▶ Assignment
Some entries follow. Reproduce exactly the lines starting at the one with "Porträt des ehemaligen" and stopping after the one with "Spiritual Lord Krishna".

▶ Input material
<<<<

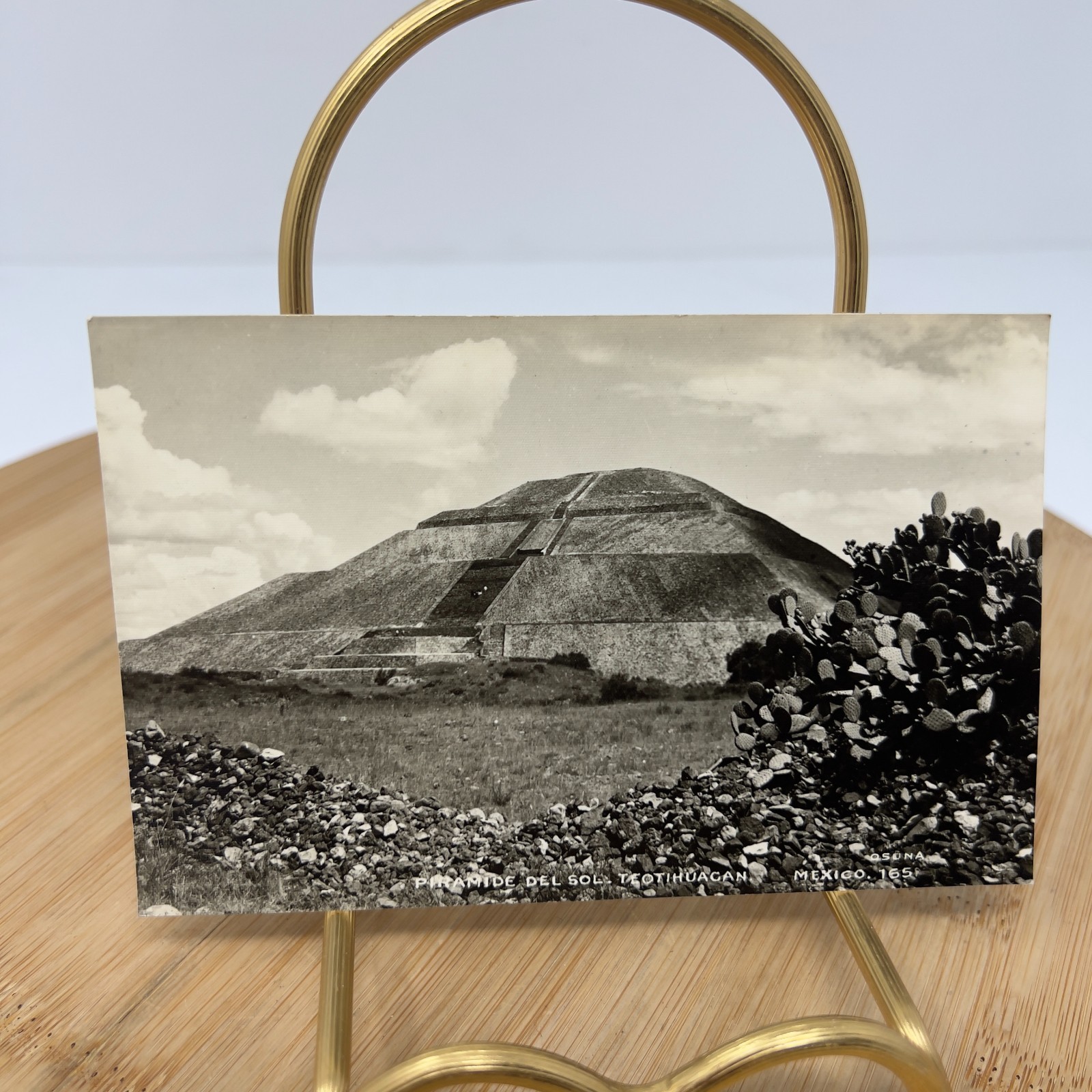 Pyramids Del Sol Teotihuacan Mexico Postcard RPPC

>>>>
<<<<

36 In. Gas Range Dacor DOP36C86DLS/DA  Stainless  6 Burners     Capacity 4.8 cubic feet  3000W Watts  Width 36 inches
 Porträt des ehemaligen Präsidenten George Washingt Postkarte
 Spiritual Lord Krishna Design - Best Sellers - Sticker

>>>>
<<<<

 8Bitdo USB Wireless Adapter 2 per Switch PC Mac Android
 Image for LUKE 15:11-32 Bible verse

>>>>

▶ Task result
 Porträt des ehemaligen Präsidenten George Washingt Postkarte
 Spiritual Lord Krishna Design - Best Sellers - Sticker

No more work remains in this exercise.